She considered taking a pill, but the rites of family happiness demanded her attention. Gracie and Caleb sprawled on the rug, recovering from their day at camp: seven-year-old Caleb, half asleep, rubbing his cheek with his thumb; nine-year-old Gracie’s glazed eyes fixed on the television. Emma, her oldest, a day camp counselor at 
fourteen, would be home soon. 
Sluggish inertia kept Maddy stapled to the couch despite her long list of waiting tasks. Chop vegetables, pay the mortgage, and catch up on laundry before the kids ran out of socks. Find a stamp somewhere in the mess she called her desk so she could mail the electric bill. Give her children feelings of self-worth. Plus, since she and Ben had fought that morning, he’d need soothing. Fellatio came to mind. 
Indestructible fabric, the sort bought by parents with children prone to transferring their sticky snacks to the upholstery, prickled against her bare arms. She lusted for air-conditioning as she’d once longed for peace, justice, and her husband. Each suffocating Boston summer their badly wired Victorian became more hateful and Ben’s warnings about global warming swayed her less. According to Ben, her environmental ethics turned situational with each drop of perspiration. 
Pressing the small of her back didn’t ease the permanent knot lodged deep and low, nor did shoving a small hard pillow against it.
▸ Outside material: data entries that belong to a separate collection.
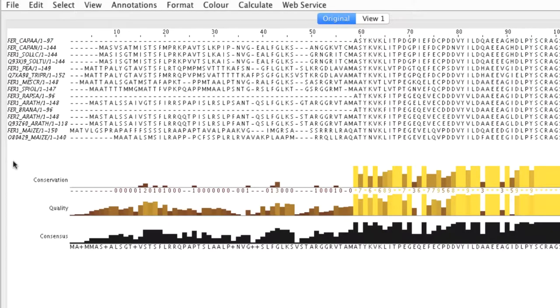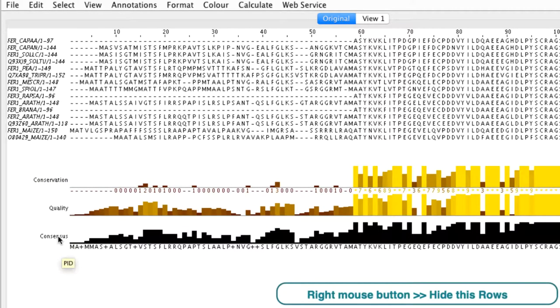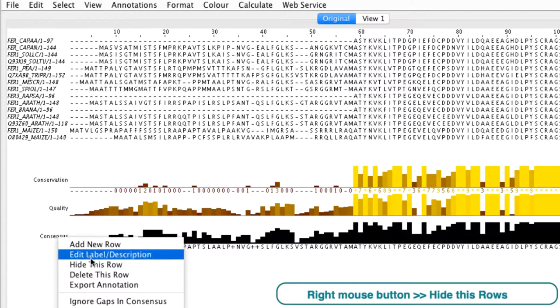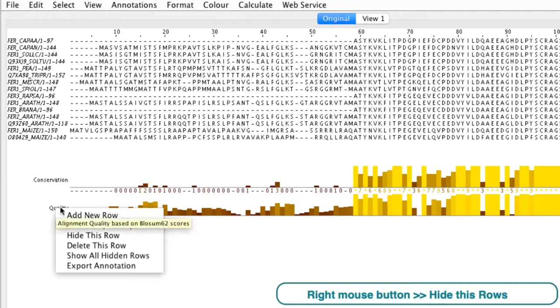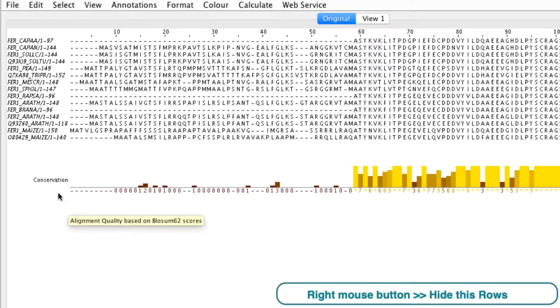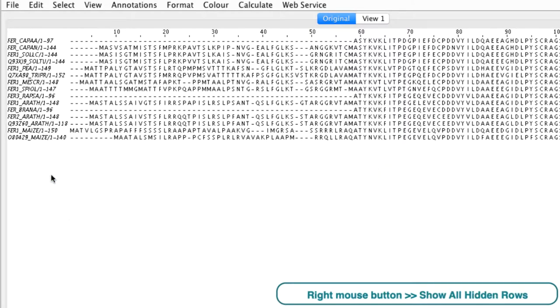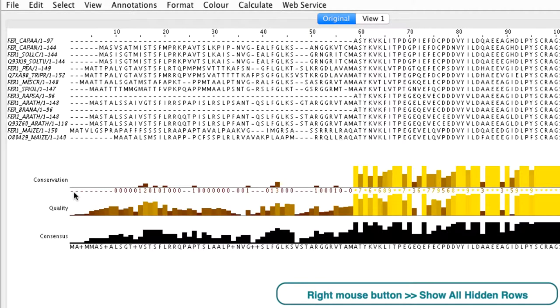Individual annotation lines can be hidden by placing the cursor on the annotation in the labels panel and then right clicking the mouse. This opens a context menu and then I select hide this row. The annotations can be revealed in a similar way, but this time I select the reveal all hidden rows option.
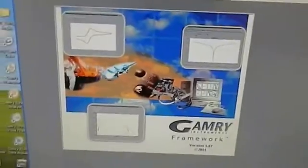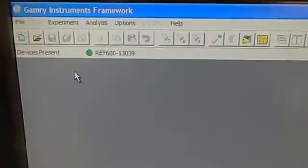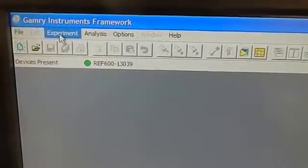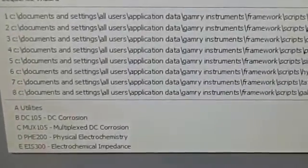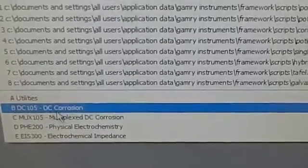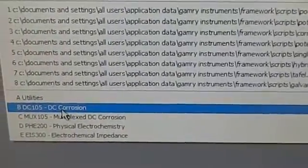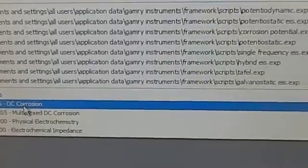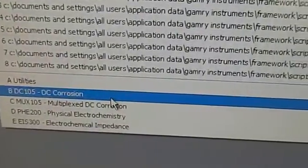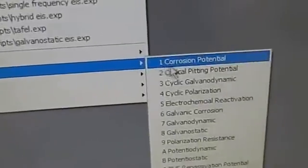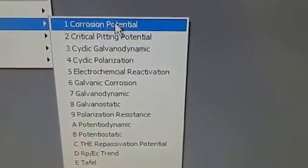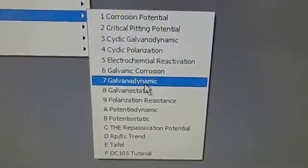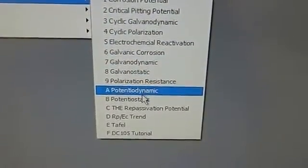The GAMRI Framework pops up. To run the experiment, we have to go to the Experiment menu. Click here and you will find some options in the dropdown. To run the Tafel curve, you have to choose DC 105. And from DC 105, go down and choose Potential Dynamics. Now the window pops up and it needs some values.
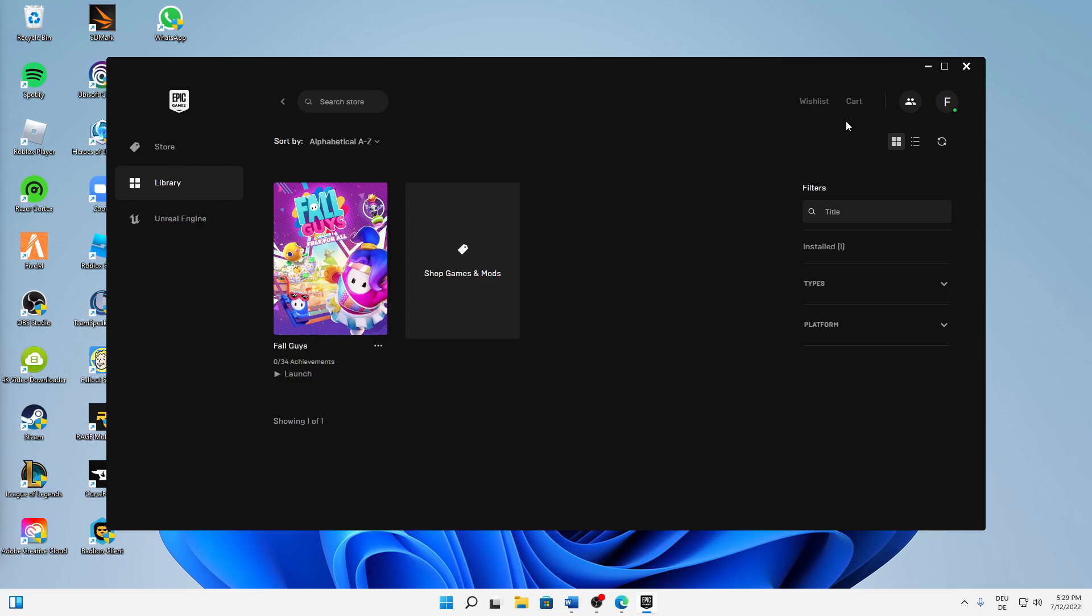Let's start into the topic. What you need to do to fix your Easy Anti-Cheat error: first of all, I would suggest you try restarting all of your Fall Guys and Epic Games tasks and processes on your PC.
Her stomach growled despite her lack of desire for food. 
Fish sticks would be easy, but she couldn’t bear turning on the oven. 
The back door slammed. Emma banged her backpack on the table. Her daughter’s way of saying I’m home
Maddy struggled up from the couch and headed toward the kitchen. “Just making sure it’s you.” 
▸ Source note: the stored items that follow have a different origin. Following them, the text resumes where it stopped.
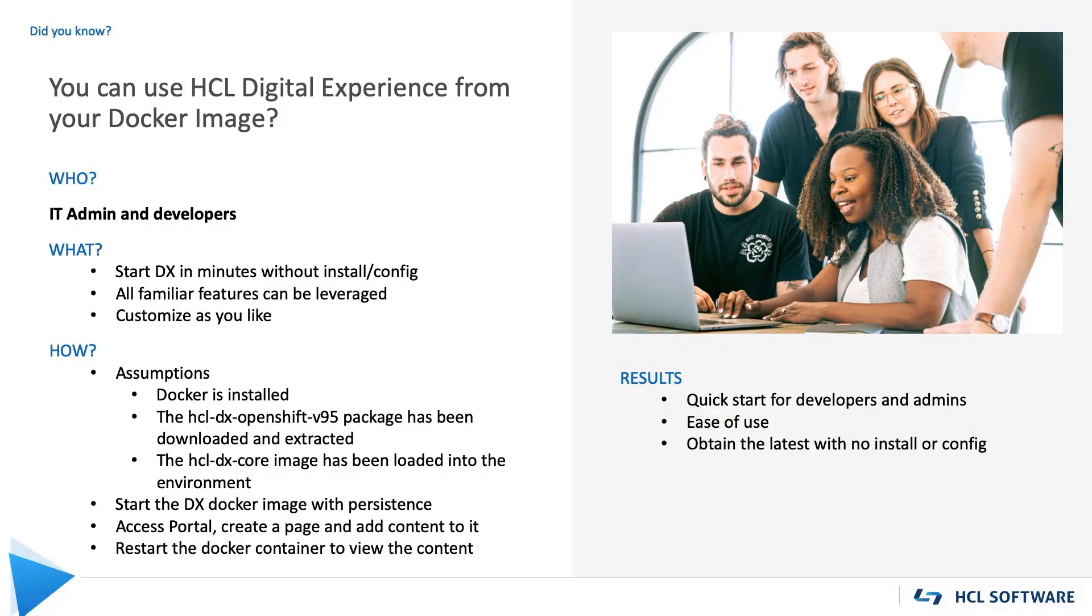Hello, everybody. This is Mary Dooley from HCL Technologies. Did you know that you can use HCL Digital Experience from your Docker image?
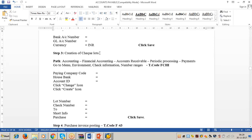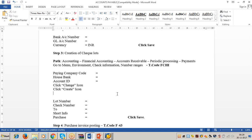Step three: creation of check lots. For every operatable account, the bank gives us a checkbook. In SAP, that checkbook is called a check lot. We have to maintain the information of the checkbook in SAP: what is the checkbook number, the from-check number to the to-check number, and the date of receipt. Only then can we use the checks to make payments to vendors.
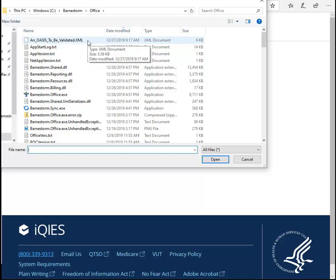At the very top, there's an XML file named for the OASIS to be validated — that will be the file you select to upload to the iKeys system. Each time you click on the Review and Validate button it will replace this file, so if you're going to upload your file to iKeys, you need to do it right away as soon as you're done reviewing and validating your OASIS.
“Were you expecting someone else?” she asked. 
“It could have been Daddy.” 
“Right.” What an all-purpose word right had become in their family, their polite way of saying, I am acknowledging you have spoken, but am choosing not to engage in any meaningful way. Lately, they used it all too often. 
Newspapers they’d tried to read at breakfast covered half the table. Emma stared into the refrigerator as Maddy gathered the papers, unsure whether to recycle them. Had Ben finished reading the Boston Globe? The New York Times
“There’s nothing to eat,” Emma said. “In Caro’s house—” 
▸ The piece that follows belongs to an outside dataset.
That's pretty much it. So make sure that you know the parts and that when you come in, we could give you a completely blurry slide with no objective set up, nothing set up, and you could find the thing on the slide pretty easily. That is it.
The sound of breaking glass followed by Caleb’s scream interrupted before Emma could specify just how superior a shopper Caro’s mother was. 
Mom!” Gracie yelled. “Come here!” 
Emma followed as Maddy ran to the living room. 
“Jesus, what happened?” Maddy crouched next to Caleb, her stomach dropping at the sight of blood pouring from his foot. Shards of glass surrounded him, liquid droplets of milk clinging to the pieces, a larger white puddle pooling on the wooden floor. She grabbed a wadded-up napkin to staunch the blood, crouching awkwardly to avoid cutting her knees. 
Gracie’s mouth trembled. “I just got up, that’s all, and I knocked over his milk glass. He got mad and screamed, then he stood up and kicked the glass and it broke. He stepped on it. It wasn’t my fault!” 
“It’s okay, Gracie.” Blood soaked through the napkin, dissolving the paper as she exerted pressure. “Emma, get me a damp towel.” 
This was preventable, Ben would say. This is why we have plastic glasses.
“Make it stop, Mommy!” Tears cut through the dirt on Caleb’s cheeks. 
She pressed harder. Gracie mopped the spilled milk with a dirty T-shirt from her backpack. 
“Here.” Emma held out a dripping kitchen towel. 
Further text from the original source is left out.